The Siwalik Gallery of the Geological Survey of India (GSI), housed in the Indian Museum, Kolkata, preserves one of the most comprehensive and scientifically significant collections of vertebrate fossils from the Siwalik Group in South Asia. The assemblage represents material from a wide range of provenances, including Sind, Punjab, Kutch, the Narmada Valley, Piram Island, the Bugti Hills, and other fossiliferous localities across India and present-day Myanmar. Today, the collection comprises nearly 1,400 specimens, dating from the Miocene to the Pleistocene (~18–0.5 million years ago), acquired through extensive GSI fieldwork, institutional transfers, and inter-museum exchanges. A cornerstone of this collection originated from the Asiatic Society of Bengal (ASB), transferred to the Indian Museum in 1875. It included some of the earliest Siwalik fossils discovered during the 1830s. The collection was significantly enriched by systematic fieldwork of William Theobald, Deputy Superintendent of GSI, who between 1873 and 1881 gathered important material from Miocene and Pliocene successions in the Potwar Plateau, Chandigarh, and Pinjore. Further contributions were made by W. T. Blanford and F. Fedden, notably from Sindh and Kutch. Between 1878 and 1881, cast exchanges with the British Museum added further depth. Collectively, these specimens highlight the gallery’s enduring significance for vertebrate paleontology, evolutionary research, and the reconstruction of South Asia’s deep-time geological history.

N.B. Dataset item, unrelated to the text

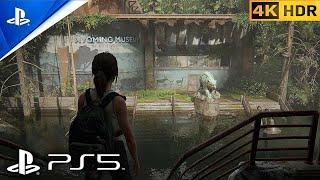 "The Last of Us Part II Remastered" [ running from the zombies- Dina's pregnancy discovery ] (ps5)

The Siwalik fossil mammal collection housed in the Indian Museum represents one of the most scientifically and historically significant vertebrate repositories in Asia. Systematically assembled since the early nineteenth century, it played a central role in shaping debates on Earth’s deep history and vertebrate evolution. Its scientific value lies in the pioneering work of Dr. Hugh Falconer and Sir Proby Cautley [1,2], who first described iconic taxa such as Sivapithecus and Stegodon, as well as in Richard Lydekker’s 1885 catalogue [4], which provided a lasting taxonomic and curatorial framework. Together, these efforts established the Siwalik fossils as a foundation for studies on Miocene–Pleistocene mammalian diversification, extinction, biochronology, faunal dispersal, and primate evolution.
The collection also holds immense historical and cultural value, having been transferred from the Asiatic Society of Bengal in 1875 and subsequently enriched by William Theobald’s Geological Survey of India expeditions [3], along with contributions by W. T. Blanford and others. These specimens were critical in the birth of vertebrate paleontology in South Asia, documenting extinct Proboscideans and Rhinocerotids that reshaped 19th-century natural history. Finally, the Siwalik collection has enduring educational value, serving as a primary archive for South Asian prehistory and a reference point for training researchers, curators, and students in evolutionary and paleontological sciences.